Telling a Story in a Prejudiced Setting

Prejudice is a part of human society, and some eras were just awful. However, we still want to tell stories in those time periods. The steampunk genre is based largely on Victorian England, a time when being female was enough for people to assume you were a mentally infirm child. High fantasy is clearly inspired by Medieval Europe, where belonging to a non-majority religion meant your family could be “purged.” Even when creating a world from scratch, prejudice will exist* because it’s just something humans do.

So how do we show settings as the prejudiced places they are without making the story itself prejudiced?

Make a Story That Drives Change

You know what makes an awesome story? Revolution. Your setting could start with terrible prejudice against a certain group, but there’s no reason it has to stay that way. For as long as there has been injustice, people have been standing up against it. Revolutions can take the form of violent uprisings, cloak and dagger political maneuvering, or popular protest movements. Any of those makes for a great plot.

Western stories usually maintain the status quo. Superheroes always fight against those who want to make radical changes. It’s so common that a number of works make fun of it. We see this outside of the superhero genre, too. So many fantasy stories are about restoring the rightful king that it’s hard to keep track. Even Star Wars, movies about overthrowing a galactic government, fall prey. If you dive into the extended universe or the (shudder) prequels, you’ll find they’re about returning things to how they were before the Empire took over.

There’s nothing wrong with that, but we also need stories about creating something new. If your setting contains an entrenched tool of oppression, don’t ignore it; use it. There’s story potential sitting right there in front of you! If your feudal empire depends on a class of indentured servants to continue running, tell the story of those servants deciding they’ve had enough.

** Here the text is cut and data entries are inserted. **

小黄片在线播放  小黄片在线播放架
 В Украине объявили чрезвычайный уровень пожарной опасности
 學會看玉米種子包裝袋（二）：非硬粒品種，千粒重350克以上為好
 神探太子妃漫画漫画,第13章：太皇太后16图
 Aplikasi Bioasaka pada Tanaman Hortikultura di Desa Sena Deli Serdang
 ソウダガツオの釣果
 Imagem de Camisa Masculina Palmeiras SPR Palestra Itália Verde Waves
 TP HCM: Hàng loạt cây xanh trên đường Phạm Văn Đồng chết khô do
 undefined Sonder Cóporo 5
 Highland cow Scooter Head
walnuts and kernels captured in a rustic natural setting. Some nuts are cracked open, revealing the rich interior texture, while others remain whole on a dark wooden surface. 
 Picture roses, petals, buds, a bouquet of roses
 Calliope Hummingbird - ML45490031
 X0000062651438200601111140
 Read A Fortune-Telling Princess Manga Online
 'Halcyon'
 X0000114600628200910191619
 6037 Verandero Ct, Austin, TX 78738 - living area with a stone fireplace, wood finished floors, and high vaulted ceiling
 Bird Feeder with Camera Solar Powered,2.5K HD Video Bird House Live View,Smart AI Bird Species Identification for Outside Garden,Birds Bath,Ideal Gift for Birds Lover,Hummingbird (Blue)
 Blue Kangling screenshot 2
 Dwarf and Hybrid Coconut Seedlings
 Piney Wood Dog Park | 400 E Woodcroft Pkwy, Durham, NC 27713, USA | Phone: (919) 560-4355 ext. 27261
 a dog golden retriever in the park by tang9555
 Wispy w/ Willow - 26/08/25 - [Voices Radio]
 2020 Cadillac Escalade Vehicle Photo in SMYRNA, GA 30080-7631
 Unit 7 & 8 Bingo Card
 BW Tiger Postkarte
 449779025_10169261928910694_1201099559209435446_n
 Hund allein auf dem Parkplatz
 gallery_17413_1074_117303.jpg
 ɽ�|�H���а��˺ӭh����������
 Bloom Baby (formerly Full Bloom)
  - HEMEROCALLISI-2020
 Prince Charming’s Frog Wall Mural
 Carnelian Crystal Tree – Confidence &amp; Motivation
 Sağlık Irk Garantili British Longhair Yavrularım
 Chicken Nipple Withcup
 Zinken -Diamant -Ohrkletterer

Few things are more disheartening than seeing a terrible injustice and turning away because there’s nothing that can be done about it. This is your story; something can be done about it. Don’t make your characters passive in the face of an oppressive system. Even if they try to change it and fail, it’ll be a tale worth telling.

Write From the Bottom

If there’s one constant to human history, it’s that rich people have it good. No matter what’s going on with everyone else in the setting, if all you do is show the wealthy and powerful, you’ll get a very stilted view. There are steampunk stories that go from one aristocratic tea party to another, and some space operas take place only on high tech pleasure ships. Even the notoriously dark Song of Ice and Fire focuses on characters who can usually count on getting three square meals a day.

If all we do is look at the winners in a society, we’re tacitly endorsing it, even if we’re vaguely aware that not everyone has it so good. That’s why it’s important to have characters who get the short end of their setting. Not only does it give a more rounded view, but those characters have more problems, and problems drive a story.

The Difference Engine, one of steampunk’s seminal novels, starts out from the POV of a prostitute named Cybil who is also the daughter of a disgraced labor leader. This character is the lowest of the low in her society. If she were murdered in the street, passersby would only care because of the mess on their shoes. Through her, we see the failings of this clockwork driven British Empire, the rotting foundation underneath its facade of glory. Cybil is by far the most interesting character in the book because she has the most adversity to overcome. She generates instant investment because of the challenges she faces. Later on, the book switches to the POV of a rich male doctor and instantly becomes less interesting. Dr. Boring’s problems seem trivial compared to what Cybil was dealing with.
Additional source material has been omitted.